The rest of this guide is the working pattern: the four dimensions, the calibration step against human raters, the prompts and the cascade, the variant playbooks for news / meeting notes / ticket summaries / document QA, the CI wiring, and the production loop.

TL;DR: the playbook

Step	What you do	Why it matters
1. Frame	Score four rubrics independently, not one aggregate	ROUGE conflates groundedness, completeness, conciseness
2. Golden set	Sample 100-200 source-summary pairs from production, stratify by type and length	Invented test sets reflect author assumptions, not user behavior
3. Calibrate	Human-label 50 examples per dimension, track Cohen’s kappa with the judge	Uncalibrated judges produce confident garbage
4. Cascade	Deterministic → NLI → LLM-as-judge → frontier adjudication	Don’t run a $0.04 judge on a check a regex answers
5. Specialize	Per-domain weights and a custom rubric tied to the product brief	News, meetings, tickets, and document QA fail differently
6. Ship the gate	Per-dimension thresholds on a 7-day trailing baseline	A frozen baseline drifts past you in a quarter
7. Close the loop	Production failures auto-cluster, promote into the golden set	Static datasets stop being regression suites

Steps 1 through 4 are the eval. Steps 5 through 7 are how the eval stays honest over months.

Step 1: drop ROUGE as the primary metric

The argument against ROUGE isn’t that it’s wrong, it’s that it’s the wrong shape. ROUGE-L gives one score for a phenomenon that has three independent failure modes:

Hallucination. The summary asserts a fact not in the source. ROUGE doesn’t model the source; it only compares to a reference. A confidently invented sentence that happens to share n-grams with the reference scores high.
Omission. The summary leaves out the headline fact. If the reference also leaves it out, ROUGE never notices. If the reference includes it and the summary paraphrases around it, ROUGE penalizes the paraphrase, not the omission.
Padding. The summary is twice the spec length but contains the right tokens. ROUGE-L rewards the overlap and ignores the length violation.

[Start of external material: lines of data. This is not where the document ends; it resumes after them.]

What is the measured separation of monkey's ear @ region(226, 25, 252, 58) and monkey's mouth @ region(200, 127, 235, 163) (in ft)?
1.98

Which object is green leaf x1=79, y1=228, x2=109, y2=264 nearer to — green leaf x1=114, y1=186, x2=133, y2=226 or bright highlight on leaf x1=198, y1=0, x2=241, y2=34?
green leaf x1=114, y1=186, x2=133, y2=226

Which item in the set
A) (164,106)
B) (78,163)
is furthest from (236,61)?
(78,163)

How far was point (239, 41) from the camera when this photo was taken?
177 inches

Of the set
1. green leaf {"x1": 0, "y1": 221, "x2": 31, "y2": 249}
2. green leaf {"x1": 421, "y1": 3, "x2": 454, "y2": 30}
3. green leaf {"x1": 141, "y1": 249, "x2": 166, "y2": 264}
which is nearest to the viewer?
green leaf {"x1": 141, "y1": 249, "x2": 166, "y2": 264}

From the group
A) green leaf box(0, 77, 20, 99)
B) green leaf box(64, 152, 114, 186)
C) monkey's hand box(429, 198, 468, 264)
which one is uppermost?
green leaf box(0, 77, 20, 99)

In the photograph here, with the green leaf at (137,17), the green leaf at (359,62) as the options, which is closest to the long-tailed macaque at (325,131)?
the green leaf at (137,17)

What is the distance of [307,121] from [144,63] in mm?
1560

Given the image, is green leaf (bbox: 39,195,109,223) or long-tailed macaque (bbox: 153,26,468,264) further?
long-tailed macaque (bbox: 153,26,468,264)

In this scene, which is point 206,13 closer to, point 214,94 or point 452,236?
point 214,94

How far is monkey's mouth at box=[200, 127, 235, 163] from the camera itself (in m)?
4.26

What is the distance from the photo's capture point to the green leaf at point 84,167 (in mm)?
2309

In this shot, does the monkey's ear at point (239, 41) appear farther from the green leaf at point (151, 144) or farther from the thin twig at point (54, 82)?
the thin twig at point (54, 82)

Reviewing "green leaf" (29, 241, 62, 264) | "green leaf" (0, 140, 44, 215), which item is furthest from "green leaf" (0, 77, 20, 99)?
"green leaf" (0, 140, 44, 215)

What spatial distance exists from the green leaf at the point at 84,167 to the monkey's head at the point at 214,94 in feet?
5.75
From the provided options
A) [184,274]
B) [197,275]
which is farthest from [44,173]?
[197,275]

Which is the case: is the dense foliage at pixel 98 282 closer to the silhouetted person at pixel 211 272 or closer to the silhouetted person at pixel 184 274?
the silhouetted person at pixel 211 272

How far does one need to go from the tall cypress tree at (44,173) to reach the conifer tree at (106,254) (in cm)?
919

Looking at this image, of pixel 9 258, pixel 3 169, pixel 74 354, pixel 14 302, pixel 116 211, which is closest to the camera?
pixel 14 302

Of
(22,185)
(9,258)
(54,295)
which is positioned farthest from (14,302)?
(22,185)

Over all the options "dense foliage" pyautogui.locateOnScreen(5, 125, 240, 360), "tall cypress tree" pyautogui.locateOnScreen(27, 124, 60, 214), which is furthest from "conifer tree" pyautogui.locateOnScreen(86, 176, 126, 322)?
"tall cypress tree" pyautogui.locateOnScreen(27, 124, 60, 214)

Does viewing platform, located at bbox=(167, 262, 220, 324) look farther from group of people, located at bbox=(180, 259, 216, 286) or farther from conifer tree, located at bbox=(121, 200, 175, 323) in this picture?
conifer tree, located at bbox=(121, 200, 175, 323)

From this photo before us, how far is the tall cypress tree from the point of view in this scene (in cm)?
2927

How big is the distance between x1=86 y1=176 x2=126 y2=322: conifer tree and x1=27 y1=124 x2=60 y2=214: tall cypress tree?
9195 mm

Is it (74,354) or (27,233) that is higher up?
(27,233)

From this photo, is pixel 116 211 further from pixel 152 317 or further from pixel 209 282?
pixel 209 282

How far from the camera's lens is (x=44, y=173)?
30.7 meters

The G-Eval paper (Liu et al. 2023, arXiv:2303.16634) measured this directly against SummEval. GPT-4 scored as a four-dimensional rubric (coherence, consistency, fluency, relevance) hit a Spearman correlation of 0.514 with human raters on summarization. ROUGE-L hit 0.128 on the same dimension set. BERTScore hit 0.190. The lexical-overlap metrics were not just worse on average; they ranked summary pairs the opposite of how humans ranked them on the dimensions humans cared about.

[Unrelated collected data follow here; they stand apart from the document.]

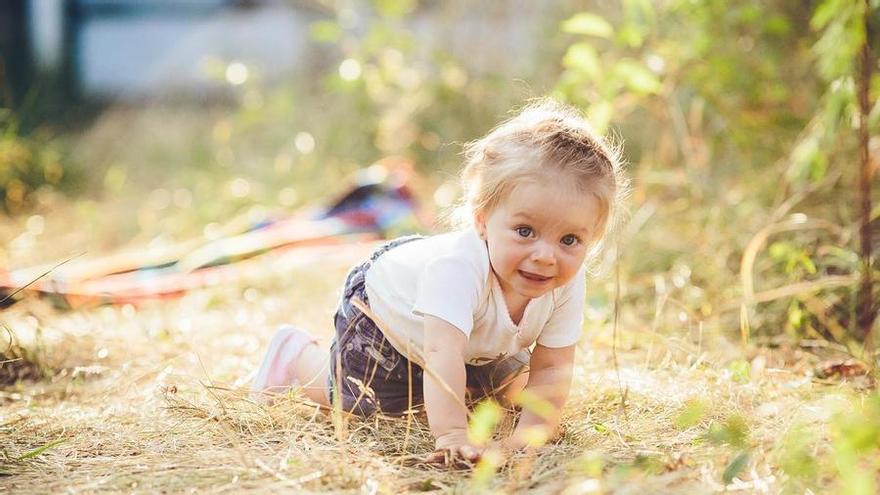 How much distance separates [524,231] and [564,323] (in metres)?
0.31

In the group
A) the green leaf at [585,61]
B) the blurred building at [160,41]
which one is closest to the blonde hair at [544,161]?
the green leaf at [585,61]

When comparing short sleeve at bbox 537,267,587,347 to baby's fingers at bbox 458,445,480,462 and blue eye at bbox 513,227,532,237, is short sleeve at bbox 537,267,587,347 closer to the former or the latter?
blue eye at bbox 513,227,532,237

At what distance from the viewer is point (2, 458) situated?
73.9 inches

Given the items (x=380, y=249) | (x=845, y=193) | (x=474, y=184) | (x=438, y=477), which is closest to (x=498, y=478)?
(x=438, y=477)

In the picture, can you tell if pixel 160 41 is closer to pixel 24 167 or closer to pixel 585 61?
pixel 24 167

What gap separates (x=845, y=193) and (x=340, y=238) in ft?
7.41

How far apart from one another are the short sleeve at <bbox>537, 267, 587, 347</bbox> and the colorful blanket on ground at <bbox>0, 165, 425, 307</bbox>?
6.53 feet

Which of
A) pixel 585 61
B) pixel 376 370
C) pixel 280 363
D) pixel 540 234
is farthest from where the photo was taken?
pixel 585 61

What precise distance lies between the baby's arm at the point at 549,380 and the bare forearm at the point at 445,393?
0.17 m

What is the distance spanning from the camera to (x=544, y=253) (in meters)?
1.87

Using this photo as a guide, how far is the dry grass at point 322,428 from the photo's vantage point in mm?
Result: 1701

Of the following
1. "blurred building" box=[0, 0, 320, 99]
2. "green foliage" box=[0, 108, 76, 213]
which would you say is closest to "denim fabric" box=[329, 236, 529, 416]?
"green foliage" box=[0, 108, 76, 213]

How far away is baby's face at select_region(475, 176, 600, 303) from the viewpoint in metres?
1.86

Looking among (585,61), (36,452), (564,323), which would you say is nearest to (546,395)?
(564,323) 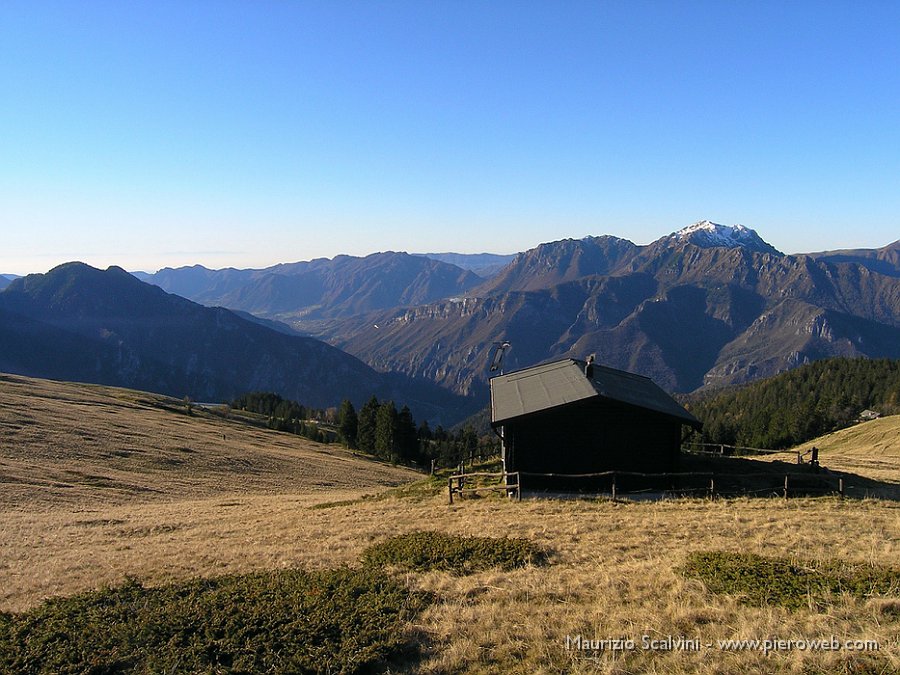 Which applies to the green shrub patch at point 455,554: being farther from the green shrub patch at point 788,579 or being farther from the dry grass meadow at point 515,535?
the green shrub patch at point 788,579

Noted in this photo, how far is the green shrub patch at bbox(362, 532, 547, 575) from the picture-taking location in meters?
15.7

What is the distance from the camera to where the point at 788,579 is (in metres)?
13.0

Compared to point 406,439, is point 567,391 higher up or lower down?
higher up

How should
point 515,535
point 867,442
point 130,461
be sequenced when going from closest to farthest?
point 515,535, point 130,461, point 867,442

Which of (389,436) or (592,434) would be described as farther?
(389,436)

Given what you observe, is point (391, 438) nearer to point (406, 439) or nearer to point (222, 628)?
point (406, 439)

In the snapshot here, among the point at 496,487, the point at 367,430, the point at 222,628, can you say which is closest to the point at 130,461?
the point at 496,487

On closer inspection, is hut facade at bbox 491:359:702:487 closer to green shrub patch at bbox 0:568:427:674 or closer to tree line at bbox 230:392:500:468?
green shrub patch at bbox 0:568:427:674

Use ROUGE-L and BERTScore as one column on the dashboard for backward compatibility and cheap regression signal. Never as the gate. For a deeper breakdown of BLEU, ROUGE, and BERTScore and where each one fits, see the dedicated guide. The four rubrics below are the gate.

Step 2: the four rubrics that decide summary quality

Each rubric scores an independent question. Each is small enough that a judge can apply it consistently. Together they cover what a human reader actually evaluates when they say “this is a good summary.”

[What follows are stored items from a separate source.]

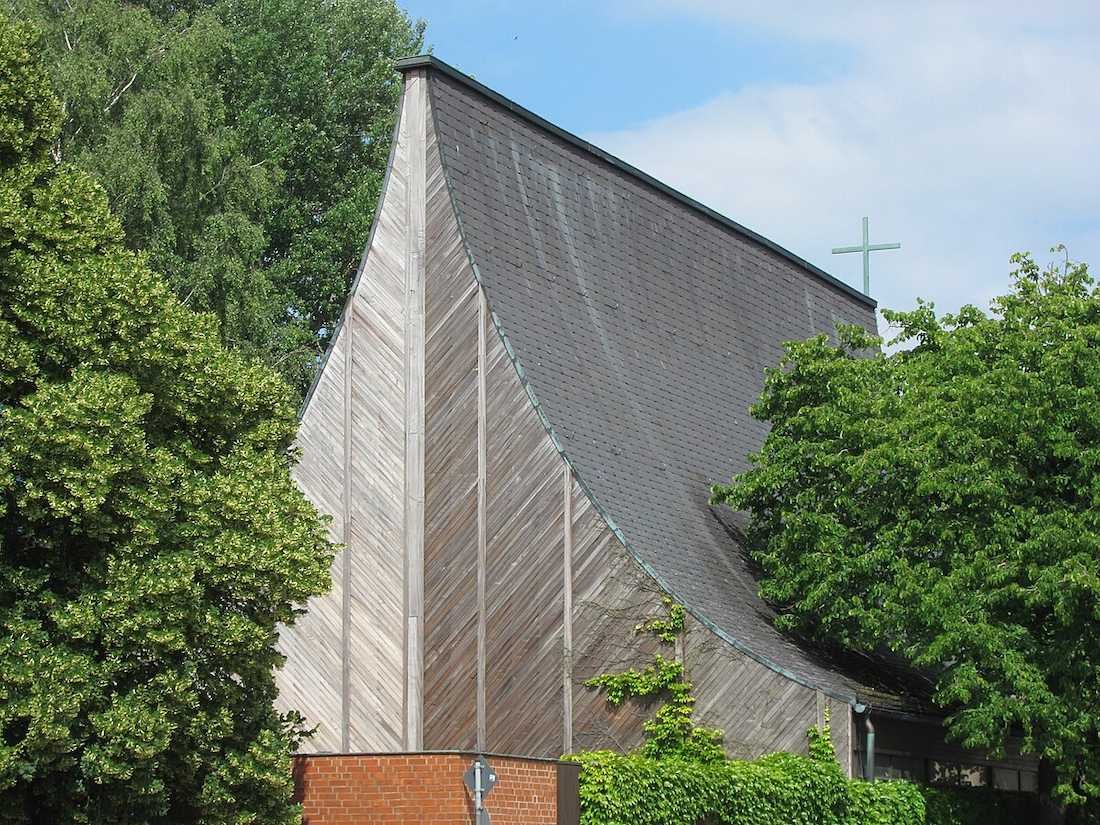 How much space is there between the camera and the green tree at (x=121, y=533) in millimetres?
14805

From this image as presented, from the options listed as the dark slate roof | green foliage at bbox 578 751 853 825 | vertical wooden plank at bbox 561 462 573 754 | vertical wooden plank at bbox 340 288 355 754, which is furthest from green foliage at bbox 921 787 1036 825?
vertical wooden plank at bbox 340 288 355 754

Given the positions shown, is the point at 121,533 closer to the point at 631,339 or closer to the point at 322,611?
the point at 322,611

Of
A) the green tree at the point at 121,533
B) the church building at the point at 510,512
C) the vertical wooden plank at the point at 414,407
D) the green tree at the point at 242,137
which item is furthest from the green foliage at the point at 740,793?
the green tree at the point at 242,137

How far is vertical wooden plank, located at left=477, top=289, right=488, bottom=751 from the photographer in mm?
22859

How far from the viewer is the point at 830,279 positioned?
3525 cm

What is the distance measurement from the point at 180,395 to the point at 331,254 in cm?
2537

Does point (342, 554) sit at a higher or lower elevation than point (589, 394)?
lower

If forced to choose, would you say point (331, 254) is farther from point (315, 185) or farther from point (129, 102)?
point (129, 102)

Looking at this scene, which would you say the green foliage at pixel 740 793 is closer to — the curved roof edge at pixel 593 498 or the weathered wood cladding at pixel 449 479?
the curved roof edge at pixel 593 498

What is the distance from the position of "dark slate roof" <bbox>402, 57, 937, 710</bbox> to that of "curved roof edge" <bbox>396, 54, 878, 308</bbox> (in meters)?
0.04

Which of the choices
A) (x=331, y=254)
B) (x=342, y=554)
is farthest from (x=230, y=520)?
(x=331, y=254)

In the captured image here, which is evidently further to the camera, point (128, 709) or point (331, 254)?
point (331, 254)

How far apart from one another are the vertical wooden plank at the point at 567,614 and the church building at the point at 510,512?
3 cm

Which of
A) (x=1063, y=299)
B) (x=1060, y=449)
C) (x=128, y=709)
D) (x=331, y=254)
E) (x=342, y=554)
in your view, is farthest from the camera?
(x=331, y=254) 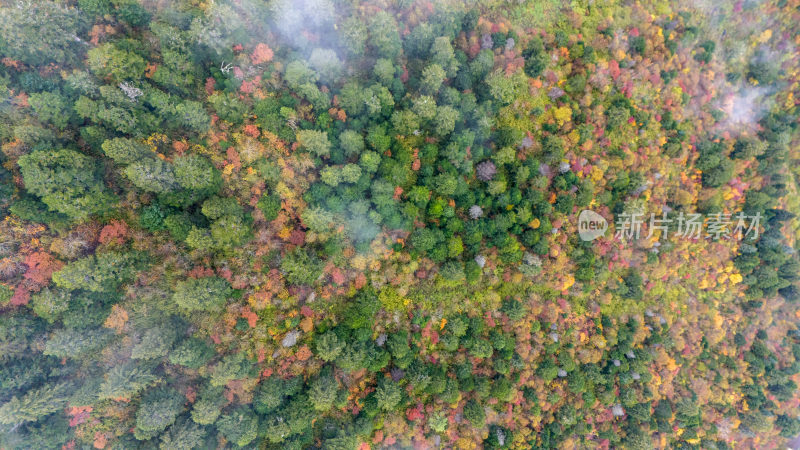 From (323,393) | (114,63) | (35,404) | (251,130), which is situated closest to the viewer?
(35,404)

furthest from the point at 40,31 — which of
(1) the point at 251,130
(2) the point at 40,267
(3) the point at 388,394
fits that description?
(3) the point at 388,394

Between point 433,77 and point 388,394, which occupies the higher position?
point 433,77

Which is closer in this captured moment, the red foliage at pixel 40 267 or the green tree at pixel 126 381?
the red foliage at pixel 40 267

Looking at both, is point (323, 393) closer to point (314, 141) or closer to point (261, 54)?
point (314, 141)

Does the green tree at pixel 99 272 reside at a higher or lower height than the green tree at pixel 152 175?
lower

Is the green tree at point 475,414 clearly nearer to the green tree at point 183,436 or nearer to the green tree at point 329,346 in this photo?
the green tree at point 329,346

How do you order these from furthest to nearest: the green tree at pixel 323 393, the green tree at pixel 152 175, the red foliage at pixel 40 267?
the green tree at pixel 323 393
the red foliage at pixel 40 267
the green tree at pixel 152 175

Groundedness. Every claim in the summary is supported by content present in the source document. Score per-claim and average, or score the summary holistically on a 1-5 scale. The Groundedness template in the ai-evaluation SDK (eval_id=47) does this directly against the context field; the local NLI variant runs a DeBERTa-NLI head per claim with no API call.

Completeness. The important facts in the source are present in the summary. “Important” is the load-bearing word. Define it per domain. For news, the lede plus the supporting facts. For meeting notes, every decision and every action item with owner and deadline. For ticket summaries, the issue, the customer’s last action, and the next step. Completeness (eval_id=10) scores this; for a deterministic backstop, annotate an expected-fact list per golden-set example and compute fact-recall.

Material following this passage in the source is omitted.